*** Provided records ***

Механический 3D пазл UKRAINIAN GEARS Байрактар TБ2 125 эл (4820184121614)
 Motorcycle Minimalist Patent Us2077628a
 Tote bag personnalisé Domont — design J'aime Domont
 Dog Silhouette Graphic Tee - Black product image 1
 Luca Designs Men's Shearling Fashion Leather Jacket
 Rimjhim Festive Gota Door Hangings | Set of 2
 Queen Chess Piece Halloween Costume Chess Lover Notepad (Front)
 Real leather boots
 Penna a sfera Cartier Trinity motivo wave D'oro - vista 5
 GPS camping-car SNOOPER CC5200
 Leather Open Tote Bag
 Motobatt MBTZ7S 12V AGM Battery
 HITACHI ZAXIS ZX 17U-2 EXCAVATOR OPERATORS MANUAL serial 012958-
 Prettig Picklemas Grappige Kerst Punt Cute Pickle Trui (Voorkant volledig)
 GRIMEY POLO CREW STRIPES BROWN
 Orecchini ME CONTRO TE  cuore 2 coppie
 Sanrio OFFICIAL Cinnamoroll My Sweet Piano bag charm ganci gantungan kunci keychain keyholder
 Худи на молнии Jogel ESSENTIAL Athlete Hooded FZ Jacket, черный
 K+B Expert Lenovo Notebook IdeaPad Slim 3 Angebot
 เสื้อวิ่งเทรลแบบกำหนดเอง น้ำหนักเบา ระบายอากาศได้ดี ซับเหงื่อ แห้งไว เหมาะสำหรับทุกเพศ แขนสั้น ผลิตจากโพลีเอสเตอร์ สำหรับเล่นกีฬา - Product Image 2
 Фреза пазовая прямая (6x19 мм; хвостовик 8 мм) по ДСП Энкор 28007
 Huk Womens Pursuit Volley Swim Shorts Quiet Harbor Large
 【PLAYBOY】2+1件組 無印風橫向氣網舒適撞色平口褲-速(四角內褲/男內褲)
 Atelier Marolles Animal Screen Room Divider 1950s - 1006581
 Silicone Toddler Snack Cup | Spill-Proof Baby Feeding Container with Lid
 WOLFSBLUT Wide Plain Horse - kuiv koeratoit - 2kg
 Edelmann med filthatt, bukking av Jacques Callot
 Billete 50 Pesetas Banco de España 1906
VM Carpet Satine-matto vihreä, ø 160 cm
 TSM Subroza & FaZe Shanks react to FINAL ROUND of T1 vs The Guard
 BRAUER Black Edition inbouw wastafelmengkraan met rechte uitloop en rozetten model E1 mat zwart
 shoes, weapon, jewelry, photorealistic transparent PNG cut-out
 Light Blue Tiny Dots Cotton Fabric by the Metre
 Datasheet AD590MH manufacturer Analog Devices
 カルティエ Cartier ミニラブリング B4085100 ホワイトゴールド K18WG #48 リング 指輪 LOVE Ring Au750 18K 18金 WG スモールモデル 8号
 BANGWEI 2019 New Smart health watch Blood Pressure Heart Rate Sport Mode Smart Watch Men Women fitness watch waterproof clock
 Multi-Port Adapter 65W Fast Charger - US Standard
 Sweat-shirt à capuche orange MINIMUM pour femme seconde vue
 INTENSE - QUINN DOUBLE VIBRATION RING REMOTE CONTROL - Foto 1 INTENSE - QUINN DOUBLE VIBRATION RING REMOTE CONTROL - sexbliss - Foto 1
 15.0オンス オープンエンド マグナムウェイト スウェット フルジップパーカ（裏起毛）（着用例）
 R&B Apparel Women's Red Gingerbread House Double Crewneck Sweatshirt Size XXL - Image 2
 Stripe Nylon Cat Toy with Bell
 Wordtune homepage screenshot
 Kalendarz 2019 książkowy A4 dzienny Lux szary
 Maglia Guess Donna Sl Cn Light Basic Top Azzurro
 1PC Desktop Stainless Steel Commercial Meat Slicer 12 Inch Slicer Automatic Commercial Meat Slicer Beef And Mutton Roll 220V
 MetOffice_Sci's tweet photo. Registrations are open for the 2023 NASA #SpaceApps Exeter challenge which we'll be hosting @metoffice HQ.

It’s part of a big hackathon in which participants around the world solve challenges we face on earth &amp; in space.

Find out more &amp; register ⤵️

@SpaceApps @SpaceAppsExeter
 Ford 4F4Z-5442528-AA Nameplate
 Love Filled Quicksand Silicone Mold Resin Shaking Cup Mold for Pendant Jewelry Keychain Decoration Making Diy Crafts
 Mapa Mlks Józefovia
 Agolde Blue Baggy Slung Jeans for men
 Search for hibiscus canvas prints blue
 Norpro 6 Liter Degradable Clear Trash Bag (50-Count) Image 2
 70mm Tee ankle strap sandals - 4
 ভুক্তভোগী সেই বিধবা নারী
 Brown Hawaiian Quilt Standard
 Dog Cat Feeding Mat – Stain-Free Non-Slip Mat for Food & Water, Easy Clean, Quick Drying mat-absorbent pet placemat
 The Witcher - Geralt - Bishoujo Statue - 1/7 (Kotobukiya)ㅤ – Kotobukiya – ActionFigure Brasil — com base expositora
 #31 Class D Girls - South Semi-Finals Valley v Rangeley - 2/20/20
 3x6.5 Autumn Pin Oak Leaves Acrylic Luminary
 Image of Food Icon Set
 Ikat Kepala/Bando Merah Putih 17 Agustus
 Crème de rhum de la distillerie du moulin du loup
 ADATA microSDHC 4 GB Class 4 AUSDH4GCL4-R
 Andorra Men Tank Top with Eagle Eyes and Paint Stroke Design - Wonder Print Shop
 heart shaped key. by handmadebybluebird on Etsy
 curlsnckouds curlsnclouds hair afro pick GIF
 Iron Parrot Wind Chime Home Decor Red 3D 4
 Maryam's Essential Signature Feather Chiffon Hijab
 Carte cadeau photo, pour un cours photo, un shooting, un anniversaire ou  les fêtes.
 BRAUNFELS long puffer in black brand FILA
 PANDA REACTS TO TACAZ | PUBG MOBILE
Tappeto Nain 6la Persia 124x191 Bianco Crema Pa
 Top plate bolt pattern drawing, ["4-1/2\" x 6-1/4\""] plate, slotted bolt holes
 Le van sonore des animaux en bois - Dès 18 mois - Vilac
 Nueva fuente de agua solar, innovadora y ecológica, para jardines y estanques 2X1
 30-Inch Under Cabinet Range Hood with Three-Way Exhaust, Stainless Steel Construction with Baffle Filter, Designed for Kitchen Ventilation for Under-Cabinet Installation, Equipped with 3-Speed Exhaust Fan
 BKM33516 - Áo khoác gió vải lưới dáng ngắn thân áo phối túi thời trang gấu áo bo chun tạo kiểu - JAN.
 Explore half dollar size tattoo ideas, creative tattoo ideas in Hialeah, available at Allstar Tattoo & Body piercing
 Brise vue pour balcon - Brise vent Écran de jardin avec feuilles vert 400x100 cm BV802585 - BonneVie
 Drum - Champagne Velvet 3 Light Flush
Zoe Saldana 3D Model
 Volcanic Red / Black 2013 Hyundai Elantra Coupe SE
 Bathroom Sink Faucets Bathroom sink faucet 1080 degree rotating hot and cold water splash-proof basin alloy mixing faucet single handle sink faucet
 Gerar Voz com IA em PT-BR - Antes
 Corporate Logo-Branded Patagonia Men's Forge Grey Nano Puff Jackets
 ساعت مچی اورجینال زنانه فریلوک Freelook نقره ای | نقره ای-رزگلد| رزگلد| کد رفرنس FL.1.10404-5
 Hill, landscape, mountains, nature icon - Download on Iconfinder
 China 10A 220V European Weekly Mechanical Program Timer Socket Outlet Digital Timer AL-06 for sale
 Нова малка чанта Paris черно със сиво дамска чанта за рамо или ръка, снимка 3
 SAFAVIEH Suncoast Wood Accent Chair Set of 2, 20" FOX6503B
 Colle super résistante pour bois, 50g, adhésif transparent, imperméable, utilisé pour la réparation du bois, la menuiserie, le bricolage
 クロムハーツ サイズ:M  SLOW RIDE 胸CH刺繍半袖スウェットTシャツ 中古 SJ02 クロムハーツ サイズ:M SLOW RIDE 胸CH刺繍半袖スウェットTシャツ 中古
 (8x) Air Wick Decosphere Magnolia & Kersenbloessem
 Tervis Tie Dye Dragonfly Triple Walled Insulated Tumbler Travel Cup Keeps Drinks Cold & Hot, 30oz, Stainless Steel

*** End of Provided records ***

**Task statement**
Please return the lines above that run from the line containing "R&B Apparel Women's" to the line containing "heart shaped key.", inclusive, exactly and with no other lines.

**Finished task**
 R&B Apparel Women's Red Gingerbread House Double Crewneck Sweatshirt Size XXL - Image 2
 Stripe Nylon Cat Toy with Bell
 Wordtune homepage screenshot
 Kalendarz 2019 książkowy A4 dzienny Lux szary
 Maglia Guess Donna Sl Cn Light Basic Top Azzurro
 1PC Desktop Stainless Steel Commercial Meat Slicer 12 Inch Slicer Automatic Commercial Meat Slicer Beef And Mutton Roll 220V
 MetOffice_Sci's tweet photo. Registrations are open for the 2023 NASA #SpaceApps Exeter challenge which we'll be hosting @metoffice HQ.

It’s part of a big hackathon in which participants around the world solve challenges we face on earth &amp; in space.

Find out more &amp; register ⤵️

@SpaceApps @SpaceAppsExeter
 Ford 4F4Z-5442528-AA Nameplate
 Love Filled Quicksand Silicone Mold Resin Shaking Cup Mold for Pendant Jewelry Keychain Decoration Making Diy Crafts
 Mapa Mlks Józefovia
 Agolde Blue Baggy Slung Jeans for men
 Search for hibiscus canvas prints blue
 Norpro 6 Liter Degradable Clear Trash Bag (50-Count) Image 2
 70mm Tee ankle strap sandals - 4
 ভুক্তভোগী সেই বিধবা নারী
 Brown Hawaiian Quilt Standard
 Dog Cat Feeding Mat – Stain-Free Non-Slip Mat for Food & Water, Easy Clean, Quick Drying mat-absorbent pet placemat
 The Witcher - Geralt - Bishoujo Statue - 1/7 (Kotobukiya)ㅤ – Kotobukiya – ActionFigure Brasil — com base expositora
 #31 Class D Girls - South Semi-Finals Valley v Rangeley - 2/20/20
 3x6.5 Autumn Pin Oak Leaves Acrylic Luminary
 Image of Food Icon Set
 Ikat Kepala/Bando Merah Putih 17 Agustus
 Crème de rhum de la distillerie du moulin du loup
 ADATA microSDHC 4 GB Class 4 AUSDH4GCL4-R
 Andorra Men Tank Top with Eagle Eyes and Paint Stroke Design - Wonder Print Shop
 heart shaped key. by handmadebybluebird on Etsy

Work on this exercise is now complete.